::: EXERCISE DATA
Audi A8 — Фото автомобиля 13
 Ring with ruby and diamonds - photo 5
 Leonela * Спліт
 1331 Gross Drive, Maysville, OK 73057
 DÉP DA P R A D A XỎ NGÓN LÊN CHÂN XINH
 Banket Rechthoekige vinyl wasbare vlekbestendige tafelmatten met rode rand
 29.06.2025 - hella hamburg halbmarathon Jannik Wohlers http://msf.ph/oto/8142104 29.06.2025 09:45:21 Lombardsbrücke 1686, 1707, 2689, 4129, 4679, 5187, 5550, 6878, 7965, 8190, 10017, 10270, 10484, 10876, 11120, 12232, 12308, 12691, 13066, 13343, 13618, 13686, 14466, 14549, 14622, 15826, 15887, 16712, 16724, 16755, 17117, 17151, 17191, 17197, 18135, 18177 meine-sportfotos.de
::::::
YOUR TASK
Nothing but the lines from the line that contains "Ring with ruby and diamonds - photo 5" to the last line of the records above should appear in the answer; please copy them exactly.

FINISHED EXERCISE
 Ring with ruby and diamonds - photo 5
 Leonela * Спліт
 1331 Gross Drive, Maysville, OK 73057
 DÉP DA P R A D A XỎ NGÓN LÊN CHÂN XINH
 Banket Rechthoekige vinyl wasbare vlekbestendige tafelmatten met rode rand
 29.06.2025 - hella hamburg halbmarathon Jannik Wohlers http://msf.ph/oto/8142104 29.06.2025 09:45:21 Lombardsbrücke 1686, 1707, 2689, 4129, 4679, 5187, 5550, 6878, 7965, 8190, 10017, 10270, 10484, 10876, 11120, 12232, 12308, 12691, 13066, 13343, 13618, 13686, 14466, 14549, 14622, 15826, 15887, 16712, 16724, 16755, 17117, 17151, 17191, 17197, 18135, 18177 meine-sportfotos.de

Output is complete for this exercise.